» DATA BELOW:
===
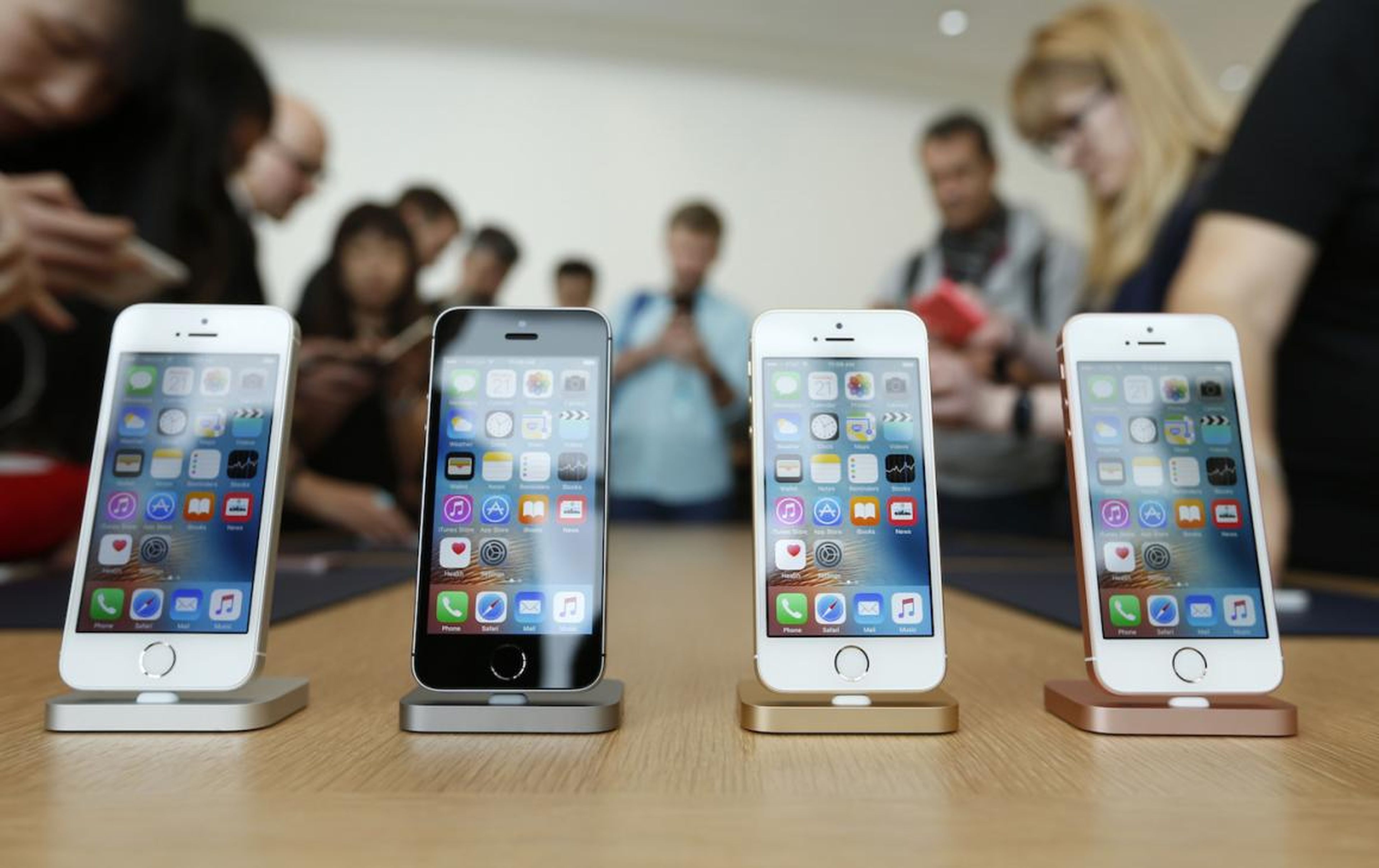 Apple es la marca de teléfonos inteligentes premium más popular según este  informe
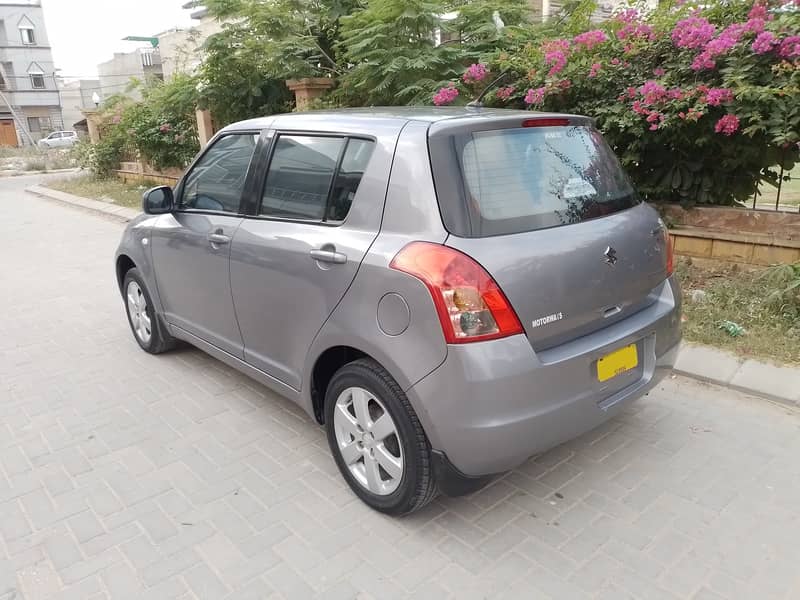 Suzuki Swift 2019 1.3DLX Full Original 5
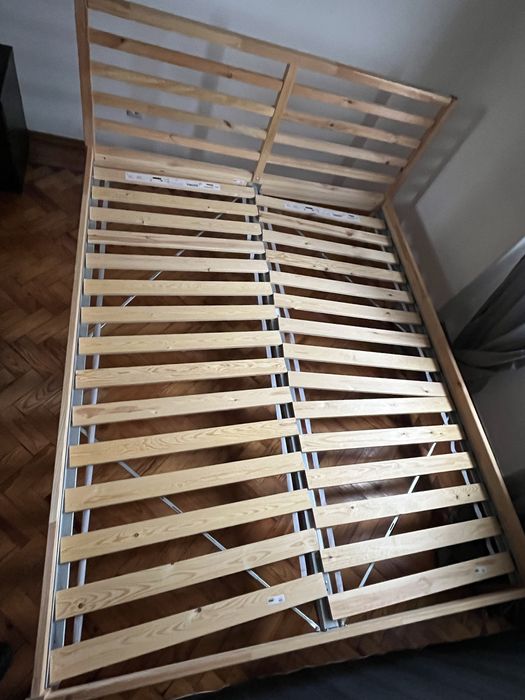 Cama em Pinho do Ikea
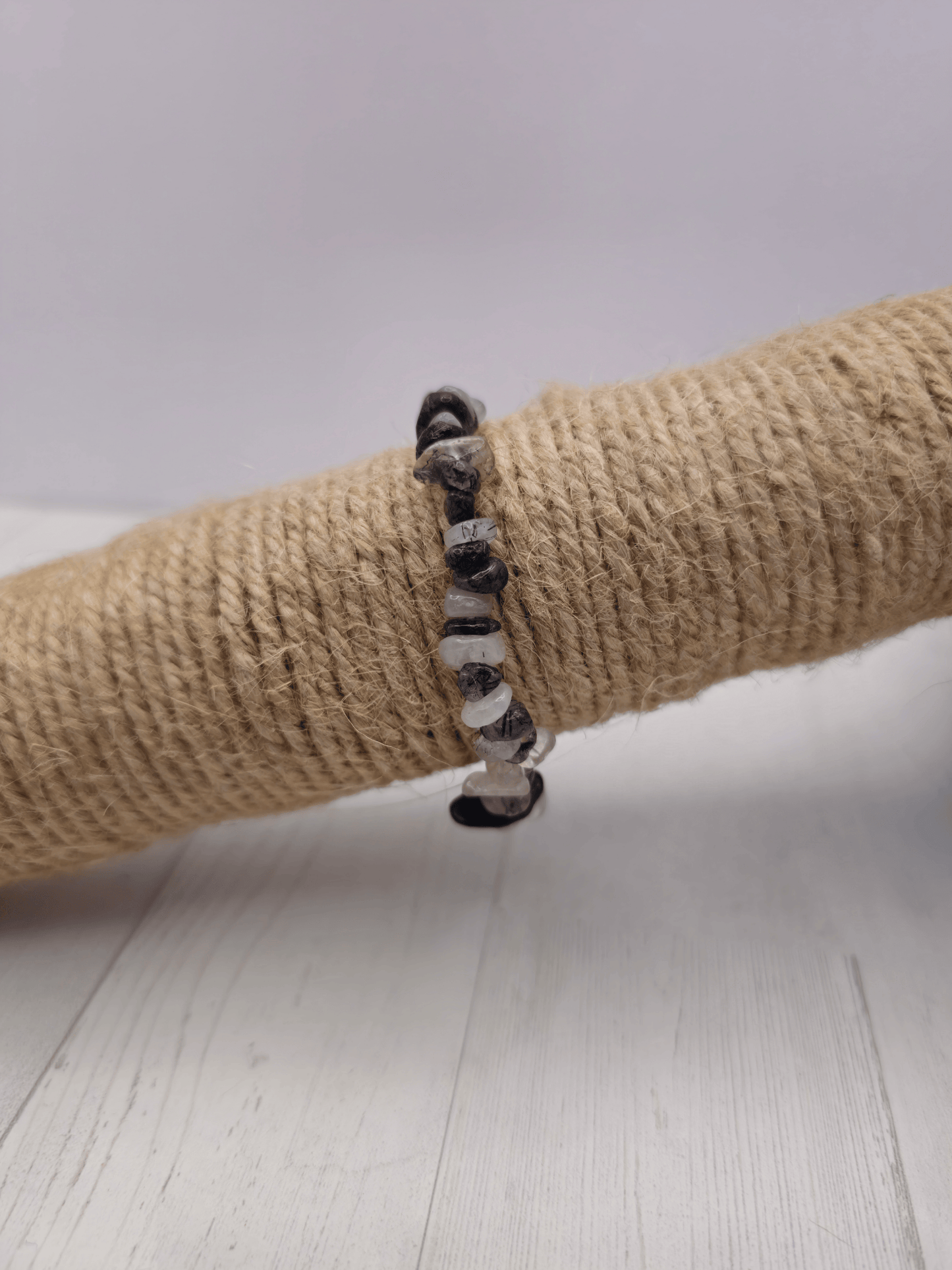 Pulsera barroca de turmalina negra y cuarzo roca en hilo elástico, ideal para protección y claridad emocional.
===
» WORK REQUEST:
Every line above is to be given again exactly, apart from the pictures.

» SOLUTION TO THIS PROBLEM:
 Apple es la marca de teléfonos inteligentes premium más popular según este  informe
 Suzuki Swift 2019 1.3DLX Full Original 5
 Cama em Pinho do Ikea
 Pulsera barroca de turmalina negra y cuarzo roca en hilo elástico, ideal para protección y claridad emocional.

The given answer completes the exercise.